Все это происходило с нами и в то же время происходило вне нас, совершенно независимо от нас – даже если мы уже позволяли себе смело шебуршиться, участвуя, скажем, в панк-группе или смело заявляя научному руководителю, что темой диплома будут никак невозможные раньше психоаналитические мотивы у позднего Зощенко или, нет, погодите, вообще даже – или Оруэлл, или никак.
Эпоха сама по себе сервировала нам настоящее приключение, в котором можно было участвовать, даже не отходя от телевизора, а просто наблюдая за депутатским съездом и лопаясь от небессильной (потому что наша же возьмет!) злобы, когда захлопывали Сахарова. И нам – в отличие от наших родителей, которым за новый мир пришлось заплатить крушением привычного старого, пусть нелюбимого, – за выпавший на нашу долю энтертейнмент не пришлось платить ничем.
На этом месте, вероятно, надо было бы поспорить с самой собой и написать что-то вроде того, что то, что происходит в нашей стране сейчас, – и есть расплата. Или – просто для композиционной целостности – опять вспомнить мою любимую бабушку и предположить, что когда-нибудь я тоже буду испытывать сложные чувства по поводу хронологически несогласованного счастья. Но ничего подобного я ни подумать, ни почувствовать не могу. 1988-й был захватывающе интересный и счастливый год. Для меня и – перефразируя классика – для таких, как я.
18.03.2011
В комнате моей мамы имеется фотография моего брата в девятнадцатилетнем возрасте – он там писаный красавец. Он, впрочем, и сейчас вполне молод и вообще очень ничего, но тогда это было что-то особенное. На восторги по поводу этого снимка мама отвечает так: «Знаете, зачем я держу его здесь? Чтобы никогда не забывать о том, что с людьми делает время».
Выставка «Иконы 90-х» (явным образом вопреки замыслу своих создателей) в первую очередь работает именно таким напоминанием, а уж только потом – как обещанный в пресс-релизе взгляд «раскрывшегося в конце 80-х и в 90-х поколения фотографов – представителей новой визуальной культуры на смутную и в то же время романтичную эпоху, когда все появилось впервые – первые ток-шоу и желтая пресса, четырехкилограммовые мобильные телефоны и малиновые пиджаки, первая телевизионная реклама и клипы».
По-хорошему в связи с этой выставкой надо было бы говорить о том, что девяностые были временем с лицом, вернее, с лицами – взять хоть Бориса Ельцина с, например, Сергеем Бодровым, а нулевые – временем безликим.
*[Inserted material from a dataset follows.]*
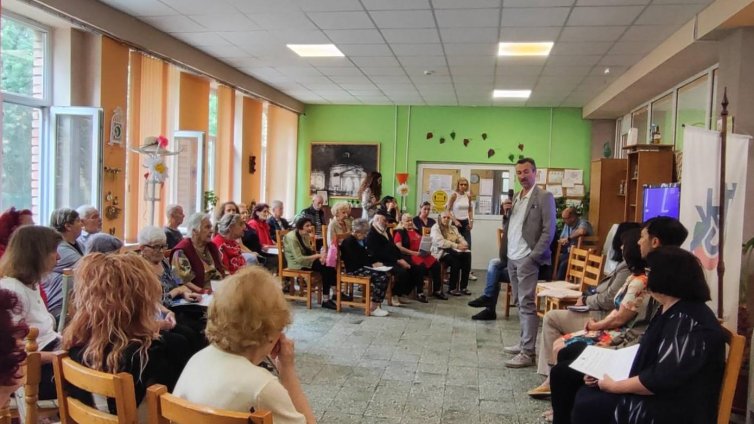 НЗОК започва беседи за здравните права в домовете за възрасти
Взять хоть тандем с, например, Иваном Ургантом.
О том, что те лица, не похожие почти совсем на сегодняшние маски, знаменовали не только упомянутый «романтизм» (читай – «лихость») того времени в противовес сегодняшнему прагматизму, не только тогдашнюю открытость в противовес сегодняшней закрытости, но и просто-напросто тогдашнюю неотесанность в противовес сегодняшней солидности (читай – «стабильности»).
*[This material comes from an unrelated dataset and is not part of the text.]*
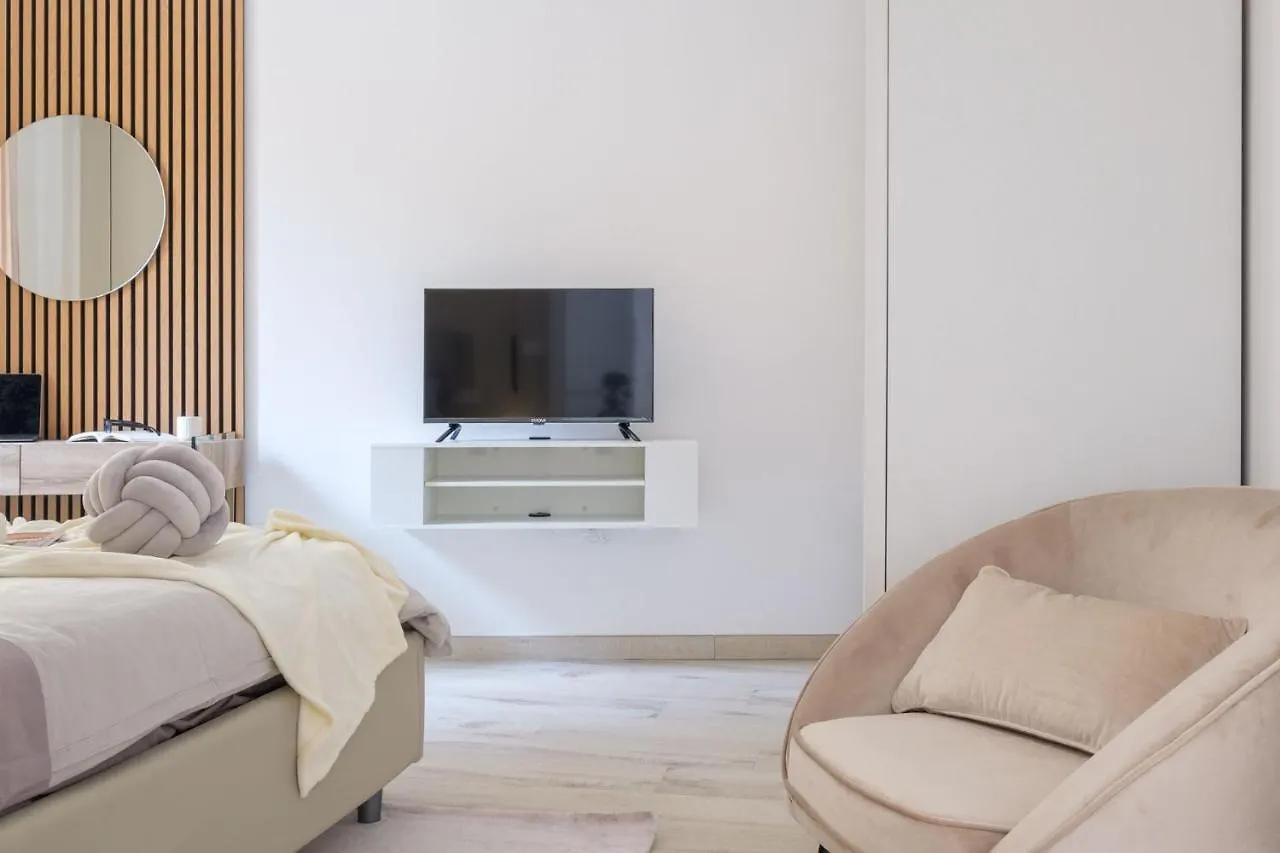 Alloggio Con Terrazzo - Belfiore Apartment Bologna Italy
О том, что эта стабильность оказалась уделом не только лиц официальных и их приспешников, но и той – широко представленной на выставке – самобытно-колоритной в те годы отечественной богемы, которая сегодня выкристаллизовалась в благополучно-лояльную ячейку общества.
Конечно, надо было бы обо всем этом сказать, но эти фотографии провоцируют совсем другие мысли.
О молодости, например. О том, что молодость прощает очень многое, почти все. Вернее, так – она практически не принимает укоров. Это состояние открытости, незаконченности – то самое состояние, в котором драйв важнее смысла.
«Иконы 90-х» – это хоть и не memento mori, но memento senescere («помни о старости»). Ну хорошо, о возрасте. О том, что он все подчеркивает, проявляет, выявляет. Многозначительность превращает в напыщенность, яркость – в вульгарность, легкомыслие – в глупость. Легкое безумие, такое очаровательное в юноше, с годами превращается в мерзкую пургу: портрет Сергея «Африки» Бугаева с голыми коленками, в кружевной кофточке и белокуром парике выглядит грустно в свете его недавнего подписантства под письмом «в защиту российской судебной системы» и последующих заявлений, что «слово „справедливость“ к тем событиям, которые происходят на планете Земля, применять не следует». Хотя в чем-то он прав. Моя молодость тоже пришлась на девяностые, и я знаю: старение – это очень несправедливо.